Thursday, December 05, 2013
Just like the cold front: I knew it was coming, but it still shocked me when it arrived...
Yesterday, I received an email from Mom365 informing me that my favorite little mess is now 100 weeks old. Coincidentally, it was the same day he turned 23 months.
It sort of blows my mind that 100 weeks have passed. It doesn't seem like that long ago I was measuring Banner's life in days and weeks. Yet soon I'm going to the mother of a 2 year old.
Seriously? Multiple trips around the sun? Already? How is that possible?
This time last year, Banner was bald, crawling baby. Now he is a running, jumping, always on the go toddler who told me yesterday that, "Daddy funny.
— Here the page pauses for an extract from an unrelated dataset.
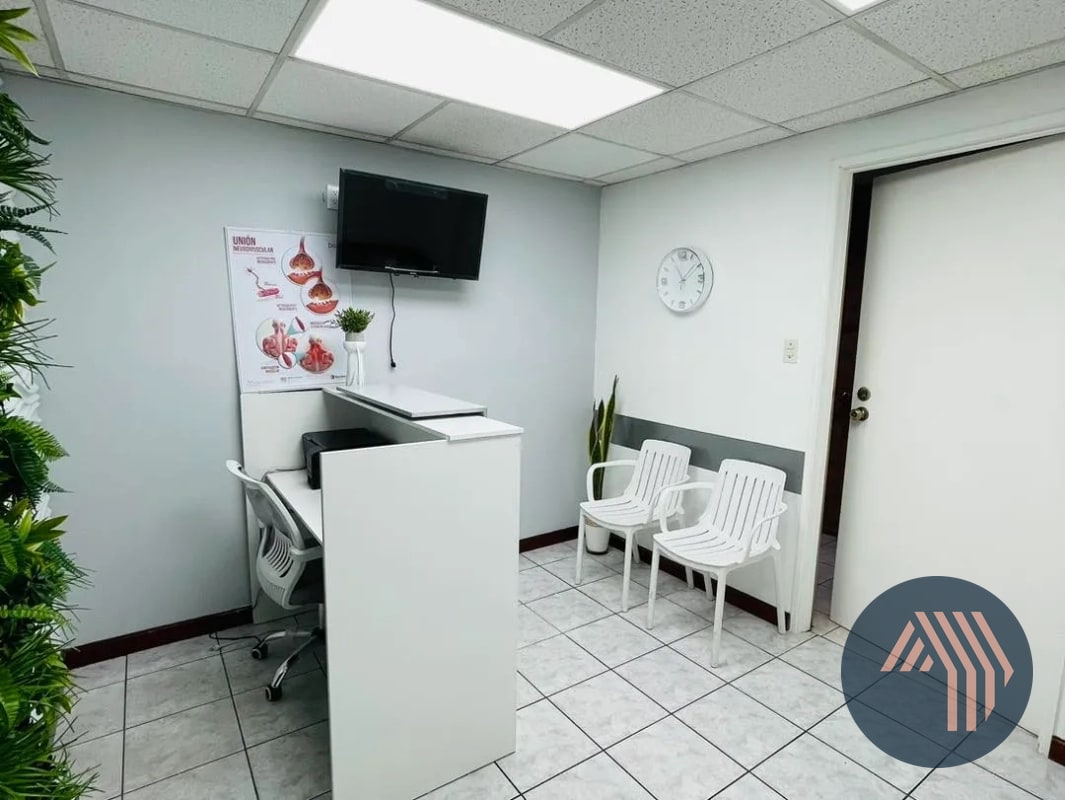 ALQUILER DE CLINICA AMUEBLADA - SANTA CLARA, ZONA 10 - 6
Mama no funny" right before demanding that I change the "saun, peas" (song, please). Because apparently the Mi Mi song (which he thinks is about Auntie Mimi, by the way) can only be followed up by Journey, not Imagine Dragons. Duh.
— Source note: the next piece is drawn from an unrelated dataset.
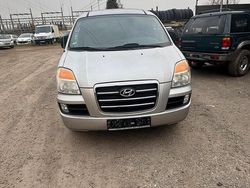 Weiß Gebraucht 2006 Hyundai H-1 Van | 4.500 €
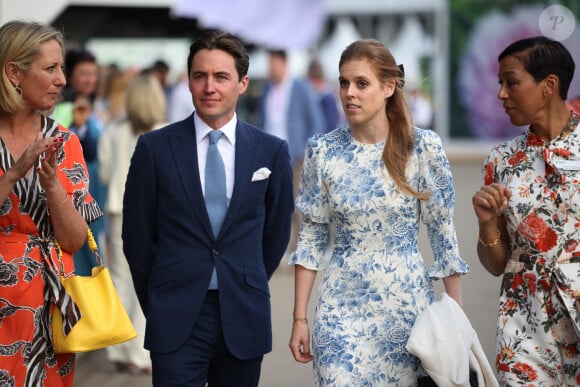 La princesse Beatrice d'York et son mari Edoardo Mapelli Mozzi en visite au "Chelsea Flower Show 2022" à Londres, le 23 mai 2022.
My mind is sort of blown, y'all. I wish there was a way to bottle time, so I could savor Banner at this age for just a little bit longer. Because I know I'm going to blink, and he is going to be 3. Heck, I just bought him 3T-4T overnights on Tuesday. Not to mention all the conversations Trevor and I have had lately about transitioning him to a Big Boy Bed in the next few months.
I just can't take it. It's too soon, folks. Too soon.
Time to pull an ostrich and bury my head in the sand. Because maybe if I pretend hard enough, he will stay my baby for a little while longer.